Die Enzos schweben also über dem Platz, und bringen die künftige Kaiserin. Da freut sich auch das Volk – TänzerInen der Konservatorium Wien Privatuniversität – und begrüßt sie mit heftig wedelnden Armen und zuckenden Beinen. Zwei Blaskapellen leiten die Ankunft des Kaisers ein. Sie spielen den Marsch vom Prinzen Eugen, der war allerdings zur Zeit des kaiserlichen Hochzeitsfestes erst im Kindergarten. Macht aber nichts, wir sind nicht in der Geschichtsvorlesung, sondern in der Zeitmaschine, die es erlaubt das Vorgestern mit dem Heute zu verbinden, auch wenn damals kein Lufttänzer am Kran hängend seine Schleifen zog und von einer für Droschken ohne Pferde die Vorstellungskraft fehlte. Im Blau des Abendhimmels werfen die tanzenden Infantinnen scharfe Schatten an die Wand des MUMOK, der Kran hebt den Lufttänzer in schwindelnde Höhe, das Echo verdoppelt die prächtigen Klänge der rechts und links der Szene platzierten Blasorchestern, die Rossballett-Originalmusik mischt sich mit schmeichelndem Gitarrensound. Der Zauber wirkt. Die Inszenierung, im Auftrag des Tanzquartiers entstanden, wird zum Erlebnis.

Das „Rossballett“ zu rekonstruieren, scheint als Vorhaben etwas zu hoch gegriffen, doch wer kann sich den riesigen Aufmarsch damals überhaupt vorstellen?

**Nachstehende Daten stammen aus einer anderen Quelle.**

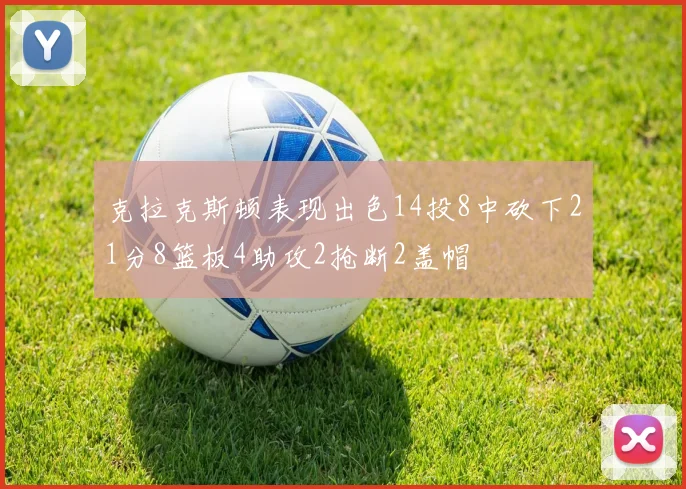 克拉克斯顿表现出色14投8中砍下21分8篮板4助攻2抢断2盖帽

Jedenfalls ist klar, dass die blutjunge Frau mit Freuden in Wien einzieht, auch lautstark begrüßt wird, doch bald in Schwermut versinkt, bis der frühe Tod sie erlöst. Dass die Tänzerinnen, in ihren brokatenen Gewändern, nicht aus den luftigen Kutschen, Betten, Kirchenbänken, oder was immer die schwebenden Enzos gerade darstellen sollen, kippen, macht bewusst, dass hier doch Theater angestaunt wird und nicht das Leben.

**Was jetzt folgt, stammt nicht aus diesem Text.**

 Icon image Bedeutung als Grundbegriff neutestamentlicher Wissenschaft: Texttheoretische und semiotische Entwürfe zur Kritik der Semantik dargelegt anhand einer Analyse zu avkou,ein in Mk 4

Hubert Lepka hat mit seinem Team – den tanzenden Darstellerinnen Mirjam Klebe, Marion Hackl und Magdalena Chowaniec; den TänzerInnen der kons.wien.dancecompany, dem mächtigen Kran von Prangl und den sanft gleitenden und vorsichtig hebenden Staplern von Jungheinrich – (wieder einmal) bewiesen, das auch eine großräumige Freiluftinszenierung nicht zum hohlen Spektakel verkommen muss, das die ZuschauerInnen zum bloßen Glotzen verurteilt. Ein durchdachter Ausgangspunkt, ein intelligentes Konzept und künstlerische wie technische Perfektion können durchaus mit den im Guckkasten gebotenen Bühnenkünsten konkurrieren, die ZuschauerInnen auch packen und berühren. Dass das Ereignis nicht wiederholt werden kann, in seiner Einmaligkeit so flüchtig ist, wie das kurze Leben der spanischen Braut – Margareta Theresia starb an Heimweh und zu vielen Geburten mit 21 Jahren – macht es nahezu kostbar.

Hubert Lepka / Lawine Torrèn:  „Sofamaschine“, Tanzquartier Wien im MQ Haupthof, 25. Mai 2011.